BEGIN

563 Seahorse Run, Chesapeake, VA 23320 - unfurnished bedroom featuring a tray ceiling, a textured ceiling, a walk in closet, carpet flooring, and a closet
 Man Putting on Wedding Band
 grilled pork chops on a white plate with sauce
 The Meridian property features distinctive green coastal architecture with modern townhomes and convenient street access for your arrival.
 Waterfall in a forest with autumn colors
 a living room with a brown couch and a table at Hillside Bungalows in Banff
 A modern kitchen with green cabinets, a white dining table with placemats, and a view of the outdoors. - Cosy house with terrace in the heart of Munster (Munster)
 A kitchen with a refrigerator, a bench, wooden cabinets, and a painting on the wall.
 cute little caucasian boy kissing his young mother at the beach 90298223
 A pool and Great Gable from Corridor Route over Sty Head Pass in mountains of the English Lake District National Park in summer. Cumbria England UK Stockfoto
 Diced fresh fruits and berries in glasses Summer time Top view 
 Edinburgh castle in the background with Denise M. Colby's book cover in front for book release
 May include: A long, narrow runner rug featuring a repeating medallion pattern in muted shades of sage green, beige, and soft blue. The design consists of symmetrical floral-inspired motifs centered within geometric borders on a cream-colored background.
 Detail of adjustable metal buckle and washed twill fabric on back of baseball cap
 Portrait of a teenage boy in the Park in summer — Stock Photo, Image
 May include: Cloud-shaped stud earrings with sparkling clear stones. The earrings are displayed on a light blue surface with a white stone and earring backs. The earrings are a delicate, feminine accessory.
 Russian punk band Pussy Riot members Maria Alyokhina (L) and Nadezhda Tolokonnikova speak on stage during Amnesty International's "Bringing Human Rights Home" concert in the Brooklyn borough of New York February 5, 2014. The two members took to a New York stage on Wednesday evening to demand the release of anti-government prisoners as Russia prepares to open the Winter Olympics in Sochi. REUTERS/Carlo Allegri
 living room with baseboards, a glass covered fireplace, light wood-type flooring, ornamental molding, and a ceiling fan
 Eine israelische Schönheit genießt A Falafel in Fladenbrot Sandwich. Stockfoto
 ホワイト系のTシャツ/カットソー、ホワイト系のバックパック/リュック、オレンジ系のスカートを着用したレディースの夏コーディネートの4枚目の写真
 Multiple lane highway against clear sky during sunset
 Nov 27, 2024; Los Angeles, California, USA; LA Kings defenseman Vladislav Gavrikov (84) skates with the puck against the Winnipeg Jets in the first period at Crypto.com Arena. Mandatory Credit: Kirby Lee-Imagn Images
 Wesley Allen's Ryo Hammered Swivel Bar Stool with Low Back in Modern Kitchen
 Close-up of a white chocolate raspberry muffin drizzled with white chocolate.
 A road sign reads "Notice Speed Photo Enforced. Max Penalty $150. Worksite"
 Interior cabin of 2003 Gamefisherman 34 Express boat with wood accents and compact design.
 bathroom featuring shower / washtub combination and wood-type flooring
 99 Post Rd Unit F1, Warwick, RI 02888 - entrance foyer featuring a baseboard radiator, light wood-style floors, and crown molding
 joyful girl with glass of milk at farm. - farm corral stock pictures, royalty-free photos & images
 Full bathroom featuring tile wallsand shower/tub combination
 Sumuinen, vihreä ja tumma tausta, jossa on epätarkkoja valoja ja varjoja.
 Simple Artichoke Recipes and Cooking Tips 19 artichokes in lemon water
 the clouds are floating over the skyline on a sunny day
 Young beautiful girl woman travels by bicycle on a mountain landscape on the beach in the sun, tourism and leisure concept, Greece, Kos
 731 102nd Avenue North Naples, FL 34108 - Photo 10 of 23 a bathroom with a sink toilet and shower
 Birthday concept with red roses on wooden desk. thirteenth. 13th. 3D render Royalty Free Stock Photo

END

What is expected - Look above for the line holding "A road sign", then set down exactly that line and every line after it up to and including the line holding "bathroom featuring shower", with nothing else.

Reply to the task -
 A road sign reads "Notice Speed Photo Enforced. Max Penalty $150. Worksite"
 Interior cabin of 2003 Gamefisherman 34 Express boat with wood accents and compact design.
 bathroom featuring shower / washtub combination and wood-type flooring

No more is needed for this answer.